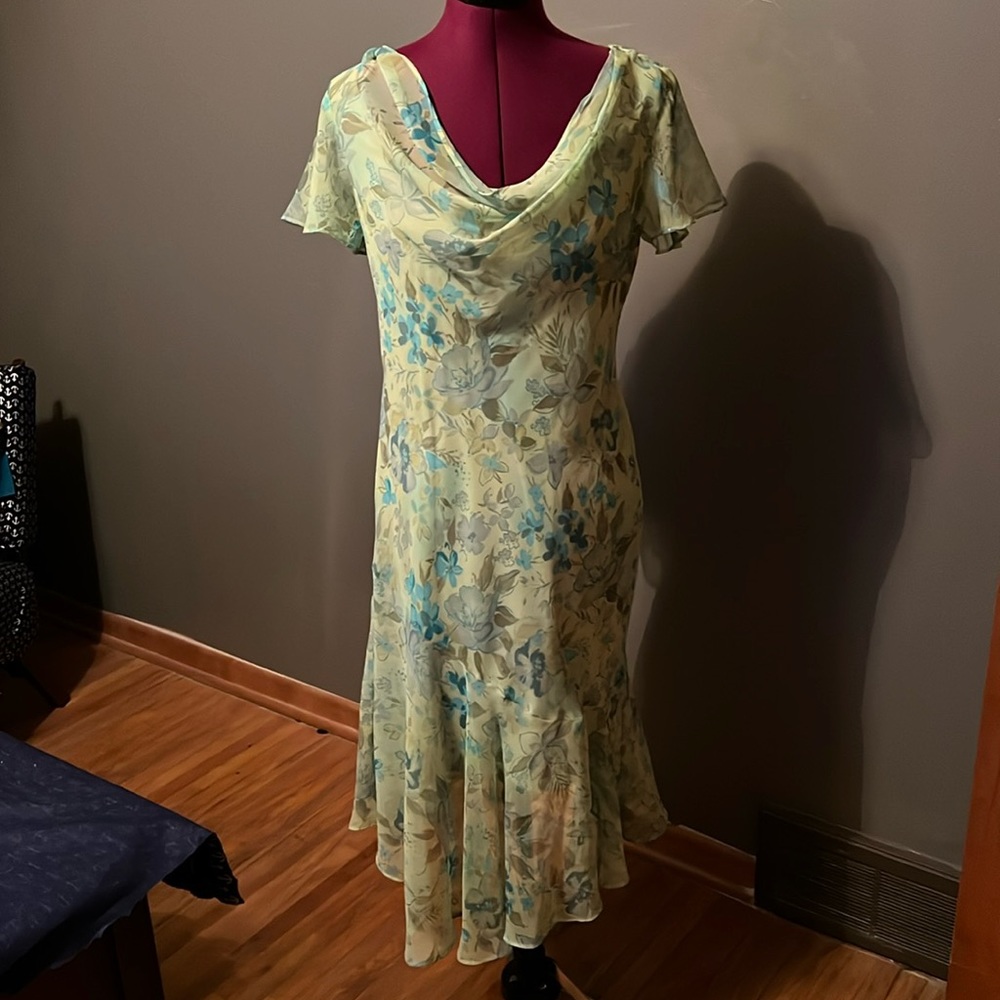 Flowery Green and Blue Dress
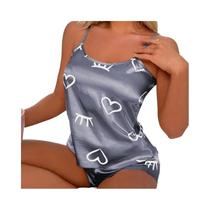 Conjunto de Pijama Feminino de Seda Gelada - Camisola e Shorts (P, M, G, GG) - Cinza e Rosa Conjunto de Pijama Feminino de Seda Gelada - Camisola e Shorts (P, M, G, GG) - Cinza e Rosa
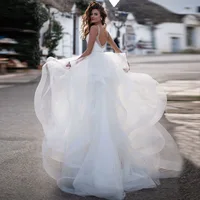 New Spaghetti Straps Wedding Dress Customized Sexy Backless Vestidos De Novia Beading Vestido De Noiva Ruffles Robe De Mariée 2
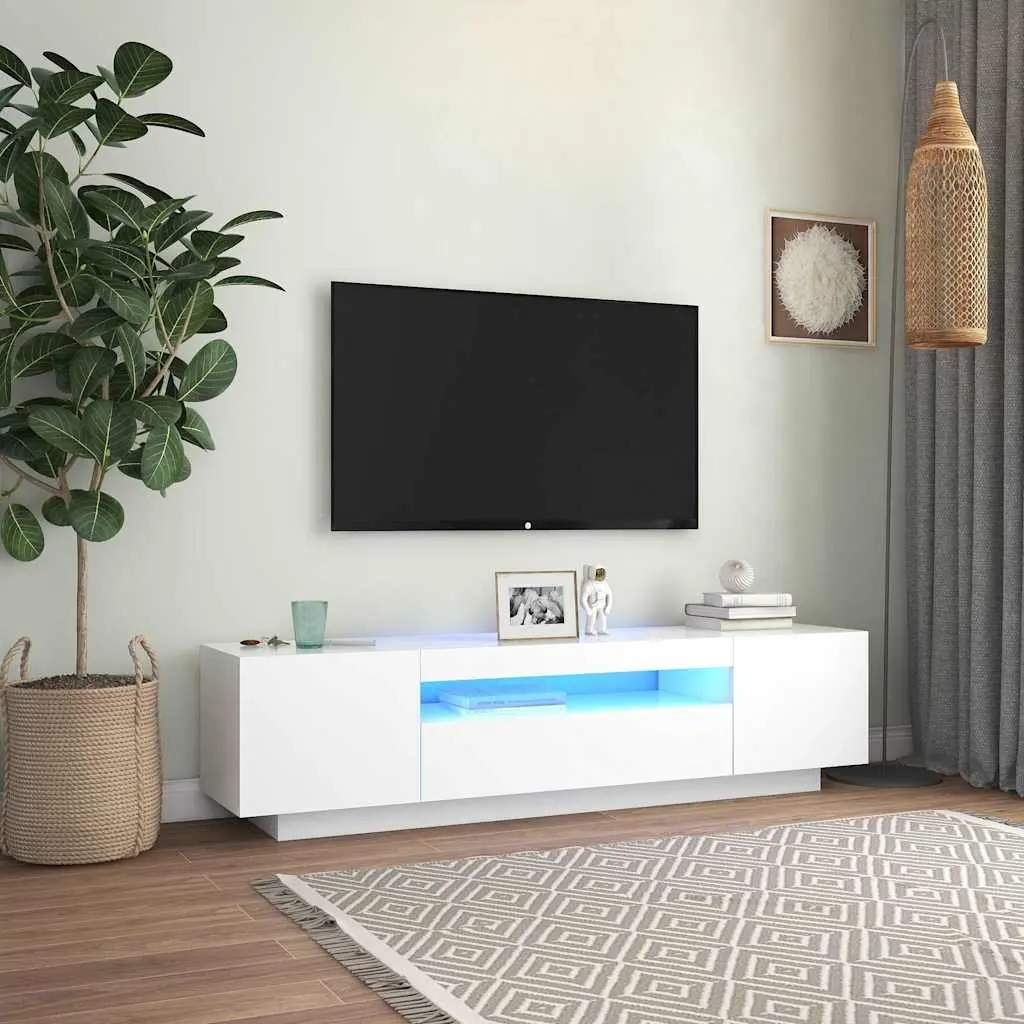 TV Cabinet 160cm White with RGB LED Lights Floating Shelves Modern Entertainment Unit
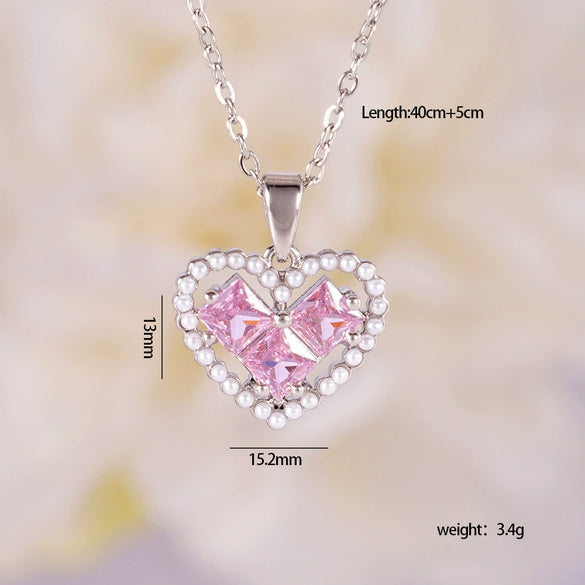 Women's Light Luxury Style Heart Shape Copper Necklace With Mixed Gemstone Setting And Electroplating O Chain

Directions. Output exactly the lines from the one containing "e Rosa Conjunto" through the last line of the records above, both included, and leave out the pictures.

Exercise solution.
 Conjunto de Pijama Feminino de Seda Gelada - Camisola e Shorts (P, M, G, GG) - Cinza e Rosa Conjunto de Pijama Feminino de Seda Gelada - Camisola e Shorts (P, M, G, GG) - Cinza e Rosa
 New Spaghetti Straps Wedding Dress Customized Sexy Backless Vestidos De Novia Beading Vestido De Noiva Ruffles Robe De Mariée 2
 TV Cabinet 160cm White with RGB LED Lights Floating Shelves Modern Entertainment Unit
 Women's Light Luxury Style Heart Shape Copper Necklace With Mixed Gemstone Setting And Electroplating O Chain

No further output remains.